::: Dataset excerpts :::

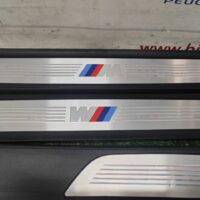 BMW F06 M-Sport Door Step (No Warranty) - Image 5
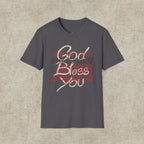 I Give What I Don’t Always Have, Because He Keeps Refilling Me T-Shirt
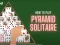 遊戲Pyramid Solitaire Great Pyramid在線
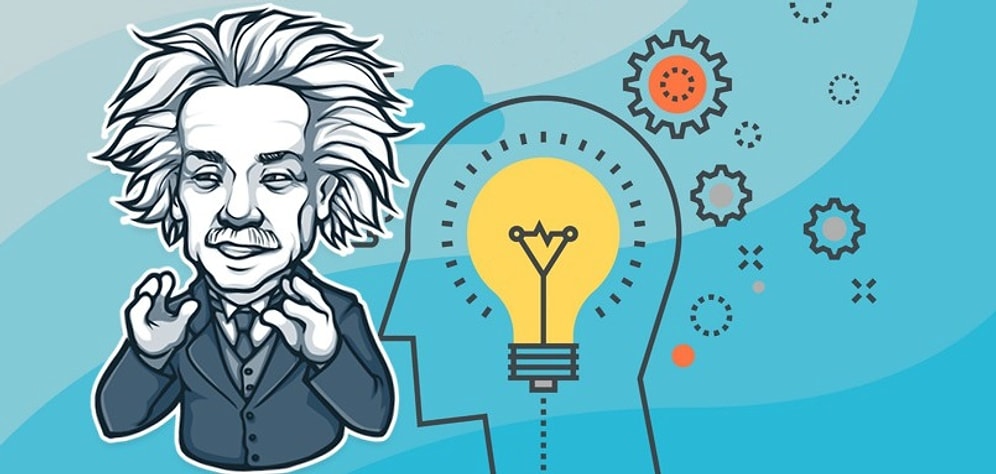 Тест: Нельзя просто так взять и ответить на все вопросы! Но, может, у вас все же получится?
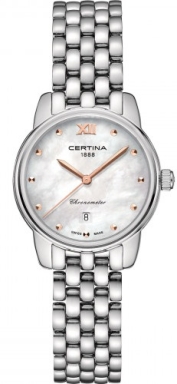 Часы Certina DS-8 Lady C033.051.11.118.01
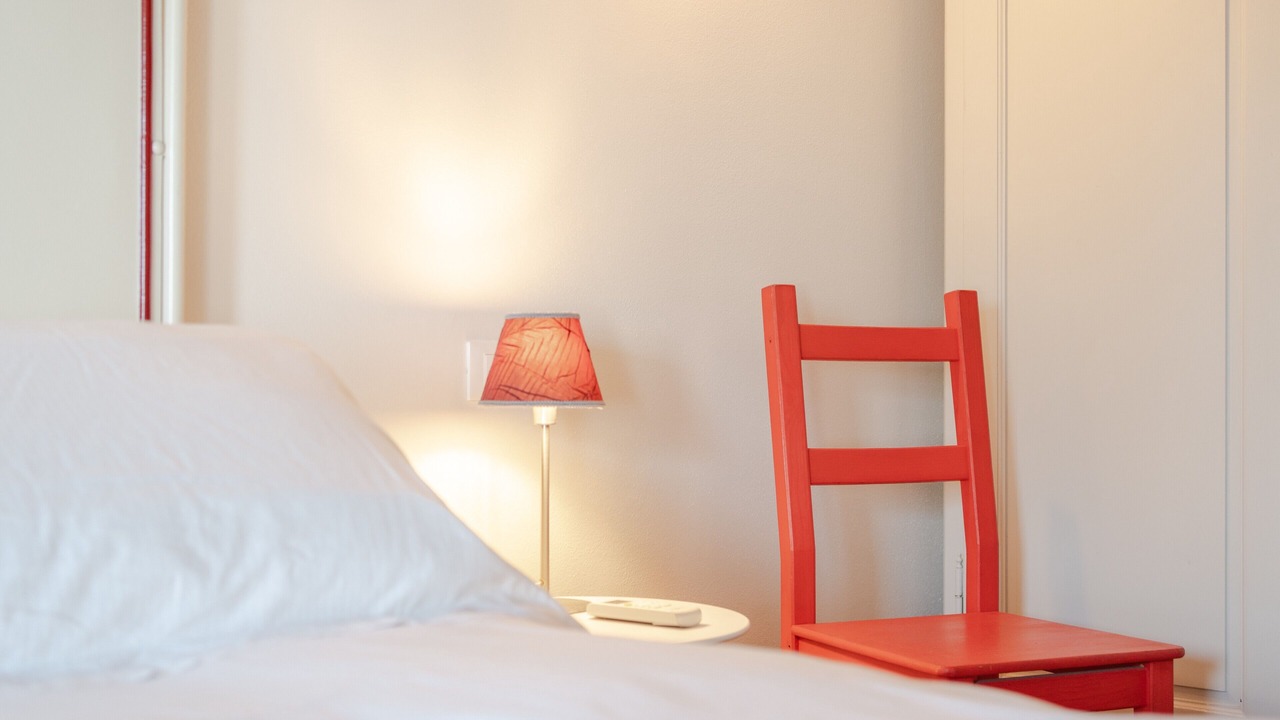 Photo of Bedroom in Cortona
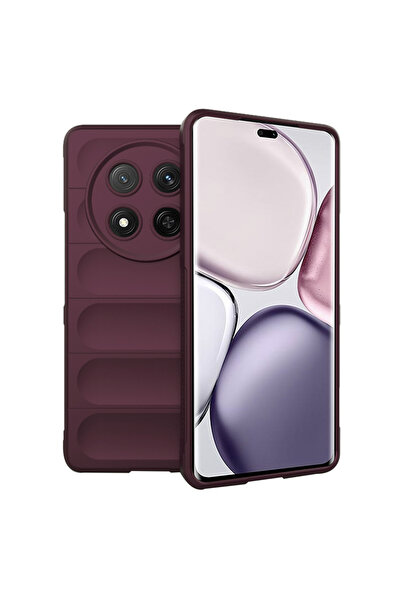Techsuit Husa pentru Honor X9c / Honor Magic7 Lite, Magic Shield, protectie a...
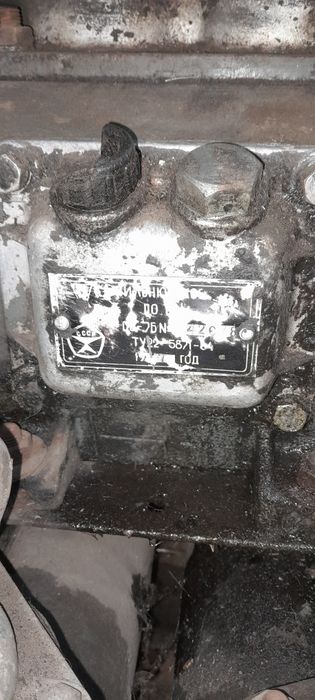 Продам компрессор вильнюс со-7б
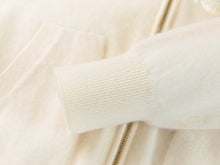 Lightweight Jacket | Cream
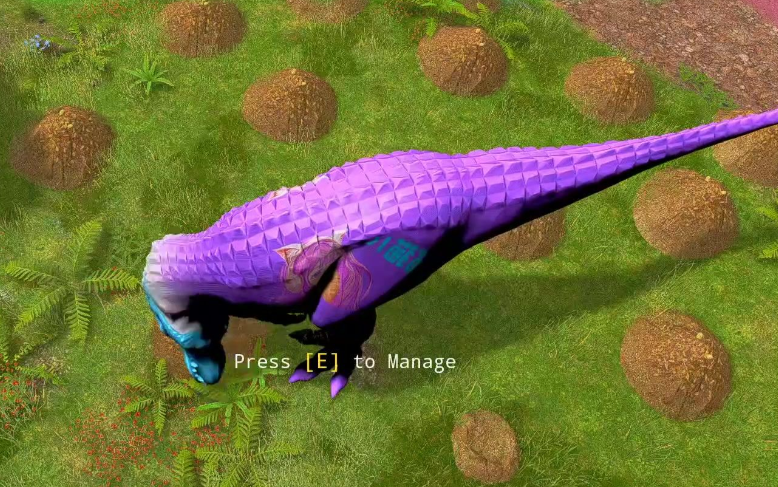 恐龙岛母龙怎么拉人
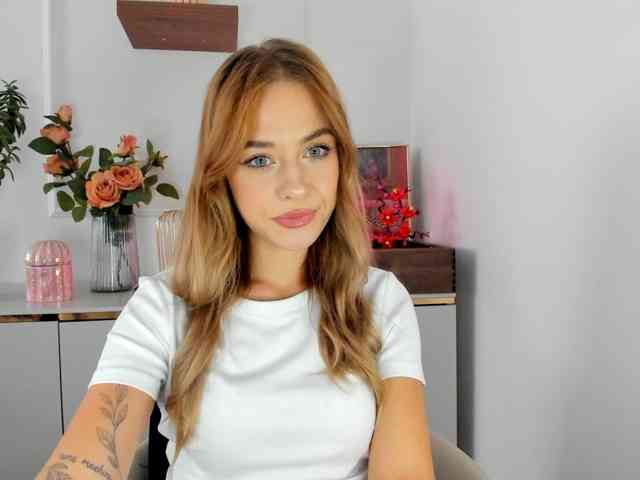 CindyGlam webcam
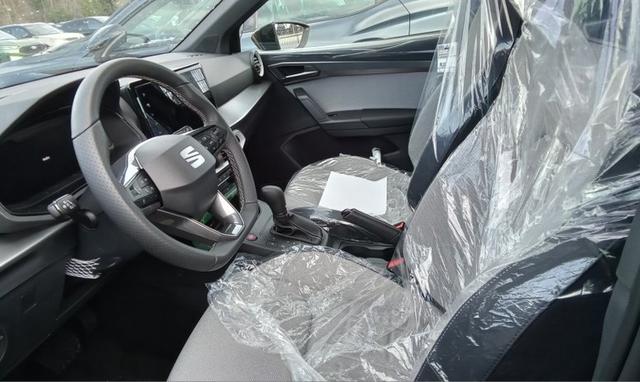 Seat Arona FR 1.0 TSI 7-Gang-DSG 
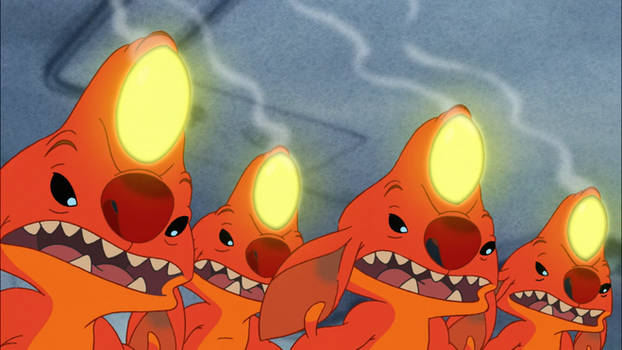 Heat: Clones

:::

What you are asked to do:
Everything from the line holding "Продам компрессор вильнюс со-7б" through the last line of the listing should be written out exactly, except for the pictures.

Task solution:
 Продам компрессор вильнюс со-7б
 Lightweight Jacket | Cream
 恐龙岛母龙怎么拉人
 CindyGlam webcam
 Seat Arona FR 1.0 TSI 7-Gang-DSG 
 Heat: Clones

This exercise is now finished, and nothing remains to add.